§ **Try it**: A verbatim transcript of the data that follows, free of images, is the expected result.
(Recorded information)
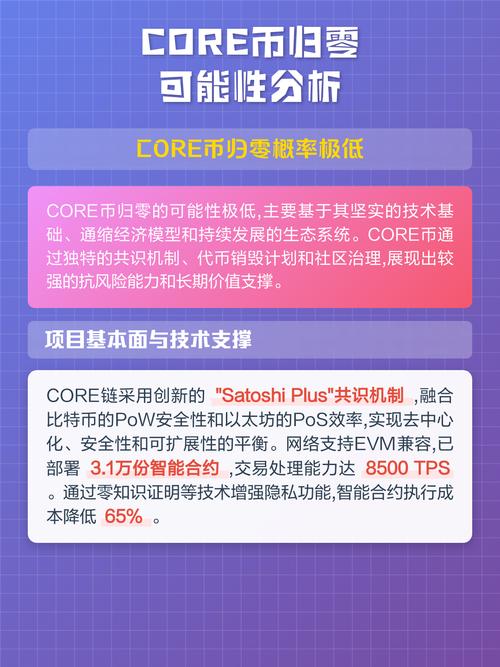 core币会归零吗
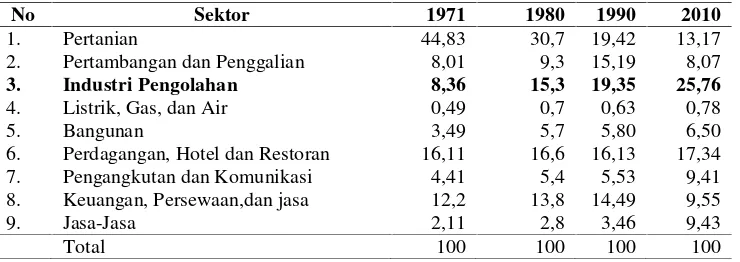 Tabel 1. Perubahan pangsa sektoral dalam perekonomian Indonesia (persen)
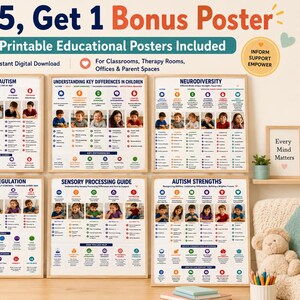 Può includere: Un set di sei poster educativi con testo e fotografie di bambini. I poster sono intitolati Signs of Autism, Understanding Key Differences in Children, Neurodiversity, Emotional Regulation, Sensory Processing Guide e Autism Strengths.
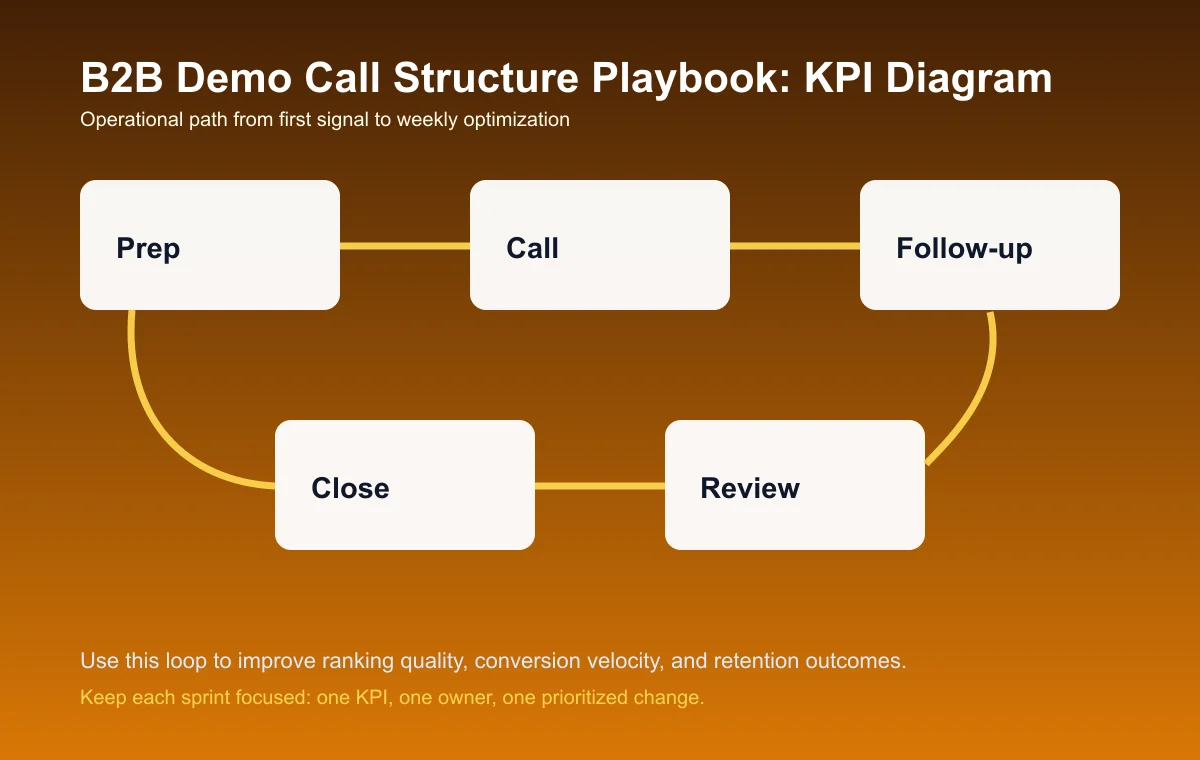 B2B Demo Call Structure Playbook process diagram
(End Recorded information)
§ **Reply to the task**:
 core币会归零吗
 Tabel 1. Perubahan pangsa sektoral dalam perekonomian Indonesia (persen)
 Può includere: Un set di sei poster educativi con testo e fotografie di bambini. I poster sono intitolati Signs of Autism, Understanding Key Differences in Children, Neurodiversity, Emotional Regulation, Sensory Processing Guide e Autism Strengths.
 B2B Demo Call Structure Playbook process diagram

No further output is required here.